+++ TASK DATA

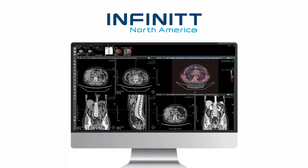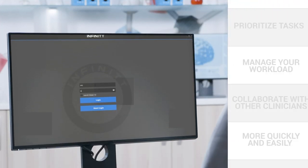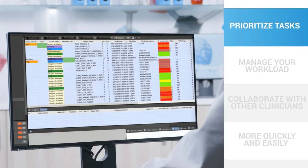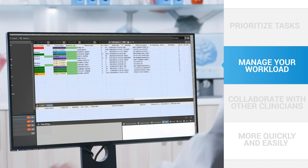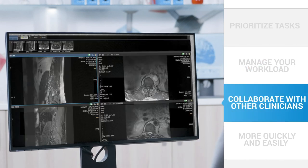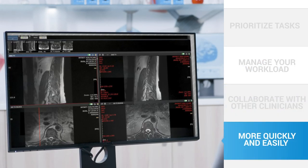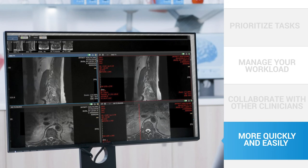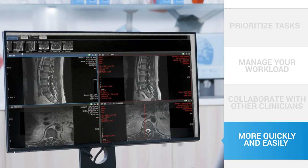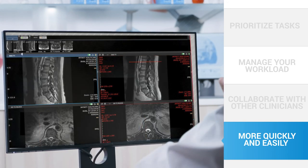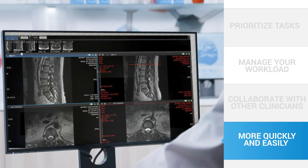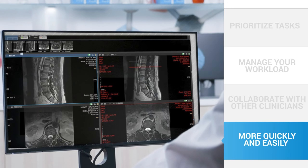Infinite's new PACs version 7.0 is the culmination of these efforts. New functionality in this version will help you prioritize tasks, manage your workload, and collaborate with other clinicians more quickly and easily than ever before. You'll notice the difference with fewer mouse clicks, faster accessing and processing speeds, and greater productivity.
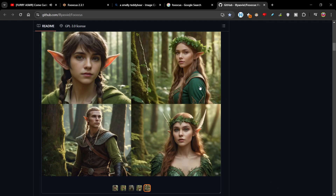Hey guys, how are you doing? Today I thought I would share how you can generate images basically either on your local computer or on the internet.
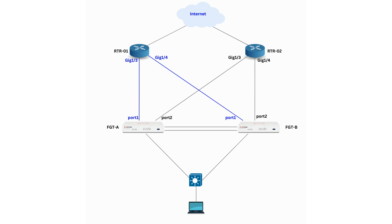Gigabit Ethernet 1-3 on router 1 connects to FortiGate A port 1, and Gigabit Ethernet 1-4 on the same router 1 connects to FortiGate B port 1. Similarly, Gigabit Ethernet 1-3 and Gigabit Ethernet 1-4 on router 2 connect to port 2 on FortiGates A and B respectively.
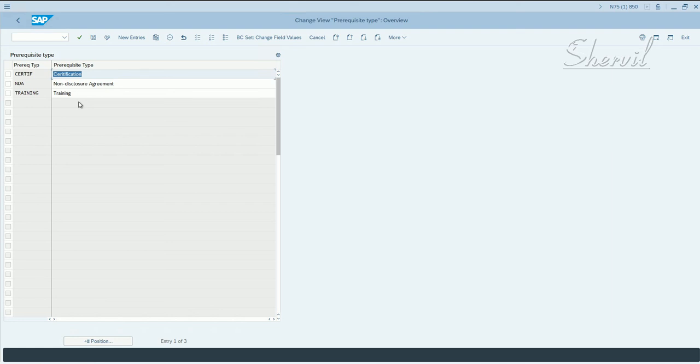So for example you can specify that the human resources administrator role must be completed as a prerequisite to the human resource training role.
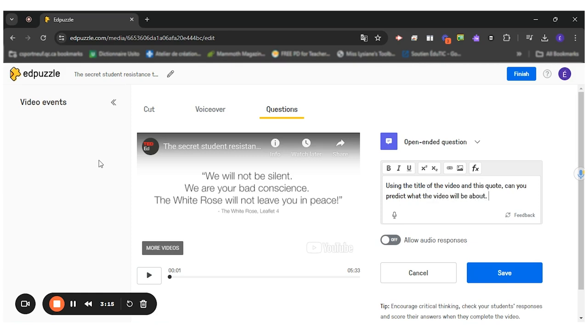Ideally, the students would do this in a team because we want them to discuss and construct their meaning together. You could ask them to do it individually first so they can have a couple ideas to write down. But the main event is the discussion between the students. So I will save this answer and continue playing the video until my next question.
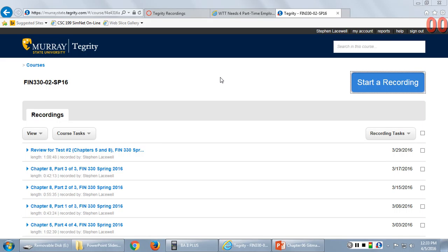Your test grades are posted on Canvas. Overall the grades were pretty good — the average was in the high 70s, like a 76, 77, 78. For a time value of money and risk and return test, that's a pretty good average. The grades ranged from 100 to less than 100, so a pretty wide range, but overall it was a good outcome.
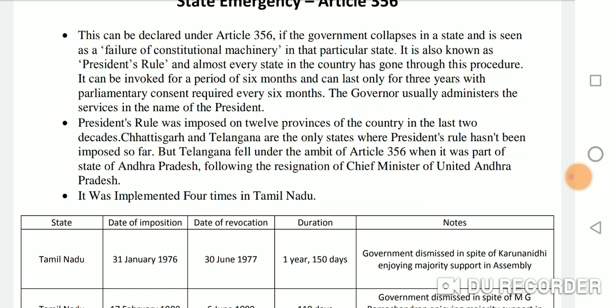However, Telangana fell under the ambit of Article 356 when it was part of the state of Andhra Pradesh, following the resignation of the Chief Minister of undivided Andhra Pradesh. President's Rule was implemented four times in Tamil Nadu.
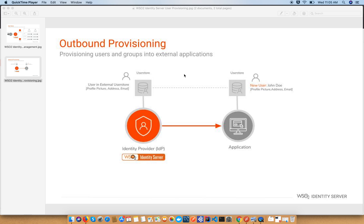Hello everyone, my name is Joy Ratnayaka and today I am going to show you another great feature of WSO2 Identity Server. If you have not heard about WSO2 Identity Server before, it is one of the first class identity and access management products powered by WSO2. Today we are going to talk about how to integrate Active Directory with WSO2 Identity Server with the outbound user provisioning capability.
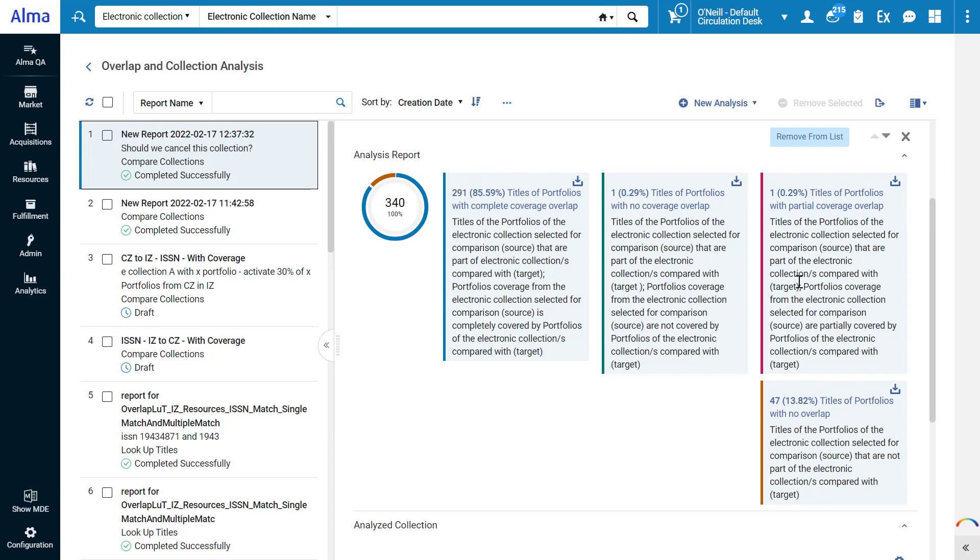We would have partial coverage for the titles of one portfolio, and we would lose 48 portfolios that either don't exist in our institution at all, or exist with no coverage.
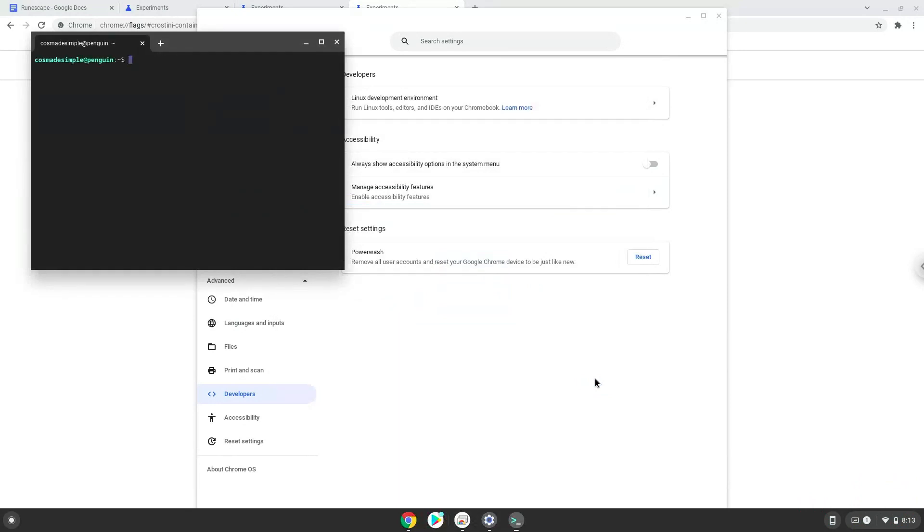Now that we have enabled Linux apps on our system, we will continue to the next step, which is to run several commands in a terminal, which will install RuneScape. All the commands are in the video description.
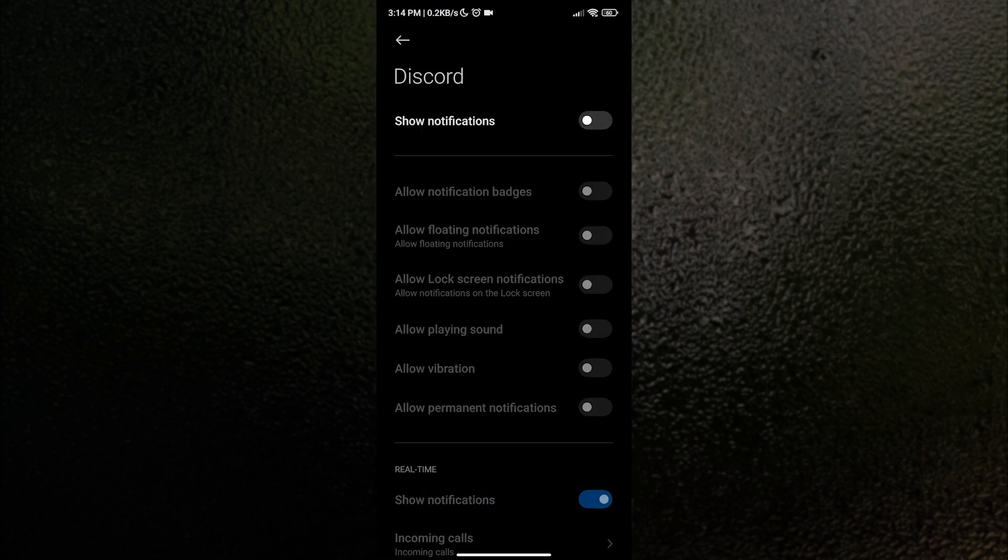Once you have tapped that, it will lead us to the application permissions. Then, lastly, we want to turn on show notifications so we can receive notifications outside of Discord.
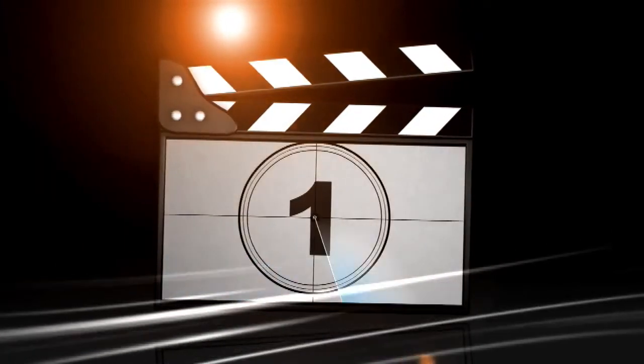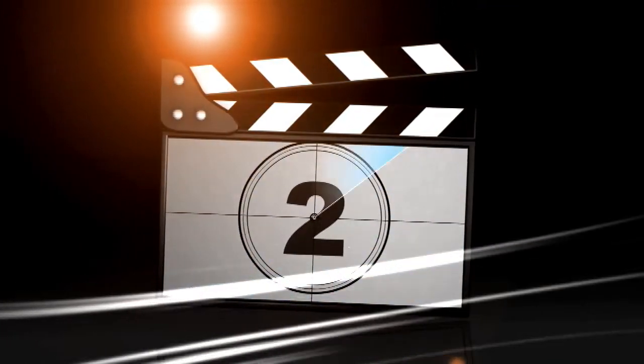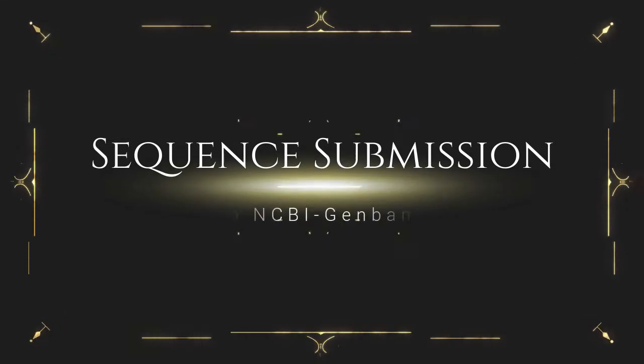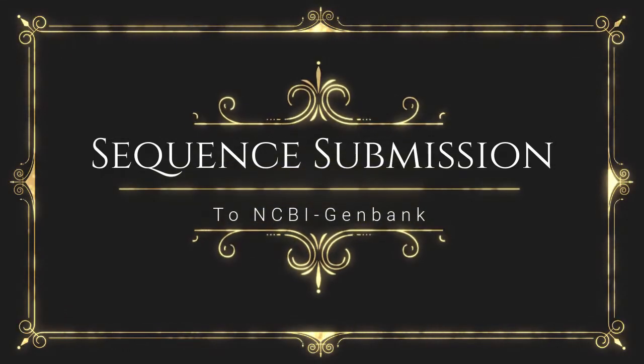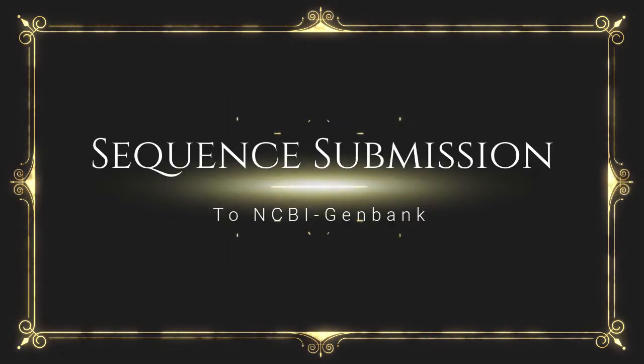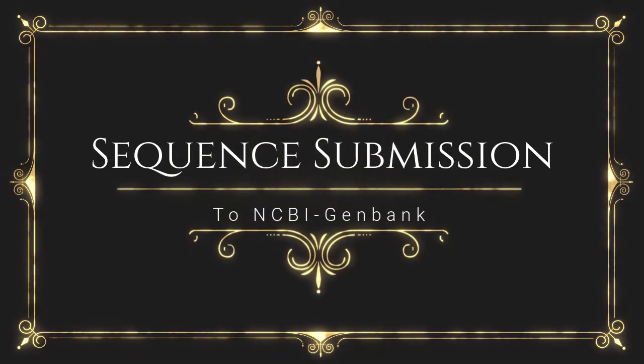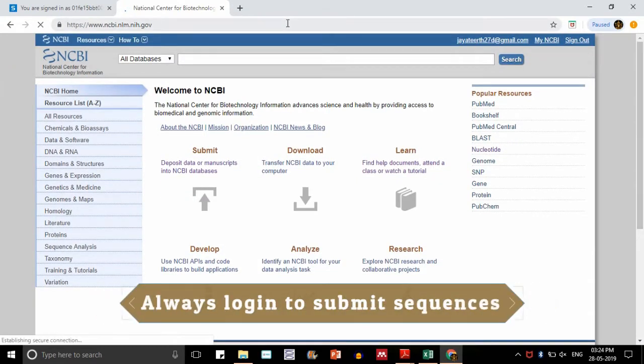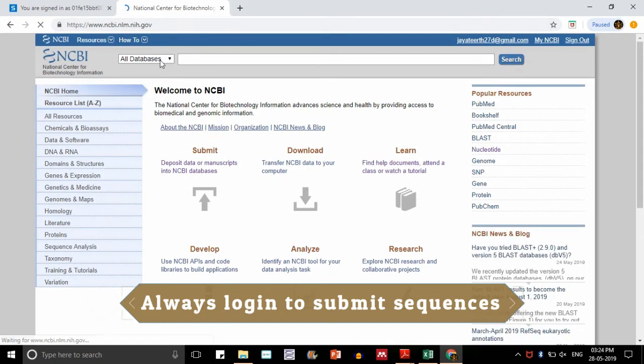Hello everyone, welcome back to JS Biology. In this video we learn about sequence submission to NCBI GenBank. Let's go to the home page of NCBI GenBank, probably just NCBI.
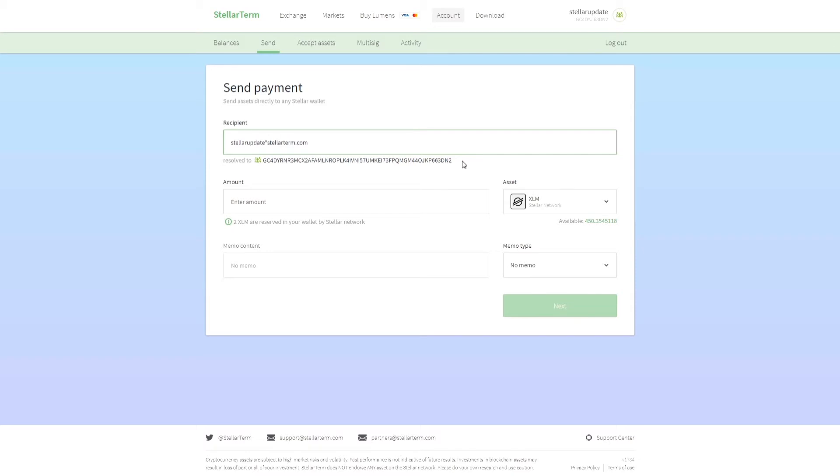Before we move ahead, it's very important that you activate your Stellar wallet by sending at least one XLM. This is a requirement and you pretty much have to send one XLM to activate your Stellar wallet.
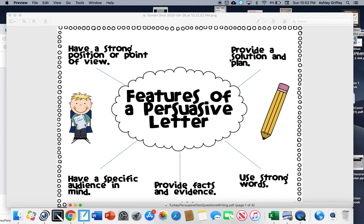So when you look at the directions in Seesaw, it is going to tell you what you are expected to do. I just wanted to provide this small tutorial so you had an idea of what you were expected for today's lesson. I hope you have a great rest of your day and a great weekend.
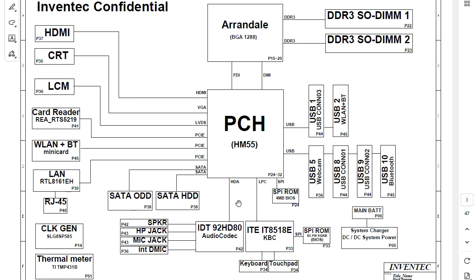Those lines you see are buses. For example, this is the RAM bus — the DDR3 bus. Here we have DMI, which means direct media interface. This bus connects between the north bridge and the ICH. We also have signal names: HDMI (high definition media interface), VGA (video graphics), LVDS, PCI, and so on.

++++++

> [PROBLEM DESCRIPTION]: Transcribe all of the listing precisely. The images stay out of it.

> [ANSWER TO THIS TASK]:
Infinite's new PACs version 7.0 is the culmination of these efforts. New functionality in this version will help you prioritize tasks, manage your workload, and collaborate with other clinicians more quickly and easily than ever before. You'll notice the difference with fewer mouse clicks, faster accessing and processing speeds, and greater productivity.
Hey guys, how are you doing? Today I thought I would share how you can generate images basically either on your local computer or on the internet.
Gigabit Ethernet 1-3 on router 1 connects to FortiGate A port 1, and Gigabit Ethernet 1-4 on the same router 1 connects to FortiGate B port 1. Similarly, Gigabit Ethernet 1-3 and Gigabit Ethernet 1-4 on router 2 connect to port 2 on FortiGates A and B respectively.
So for example you can specify that the human resources administrator role must be completed as a prerequisite to the human resource training role.
Ideally, the students would do this in a team because we want them to discuss and construct their meaning together. You could ask them to do it individually first so they can have a couple ideas to write down. But the main event is the discussion between the students. So I will save this answer and continue playing the video until my next question.
Your test grades are posted on Canvas. Overall the grades were pretty good — the average was in the high 70s, like a 76, 77, 78. For a time value of money and risk and return test, that's a pretty good average. The grades ranged from 100 to less than 100, so a pretty wide range, but overall it was a good outcome.
However, Telangana fell under the ambit of Article 356 when it was part of the state of Andhra Pradesh, following the resignation of the Chief Minister of undivided Andhra Pradesh. President's Rule was implemented four times in Tamil Nadu.
Hello everyone, my name is Joy Ratnayaka and today I am going to show you another great feature of WSO2 Identity Server. If you have not heard about WSO2 Identity Server before, it is one of the first class identity and access management products powered by WSO2. Today we are going to talk about how to integrate Active Directory with WSO2 Identity Server with the outbound user provisioning capability.
We would have partial coverage for the titles of one portfolio, and we would lose 48 portfolios that either don't exist in our institution at all, or exist with no coverage.
Now that we have enabled Linux apps on our system, we will continue to the next step, which is to run several commands in a terminal, which will install RuneScape. All the commands are in the video description.
Once you have tapped that, it will lead us to the application permissions. Then, lastly, we want to turn on show notifications so we can receive notifications outside of Discord.
Hello everyone, welcome back to JS Biology. In this video we learn about sequence submission to NCBI GenBank. Let's go to the home page of NCBI GenBank, probably just NCBI.
Before we move ahead, it's very important that you activate your Stellar wallet by sending at least one XLM. This is a requirement and you pretty much have to send one XLM to activate your Stellar wallet.
So when you look at the directions in Seesaw, it is going to tell you what you are expected to do. I just wanted to provide this small tutorial so you had an idea of what you were expected for today's lesson. I hope you have a great rest of your day and a great weekend.
Those lines you see are buses. For example, this is the RAM bus — the DDR3 bus. Here we have DMI, which means direct media interface. This bus connects between the north bridge and the ICH. We also have signal names: HDMI (high definition media interface), VGA (video graphics), LVDS, PCI, and so on.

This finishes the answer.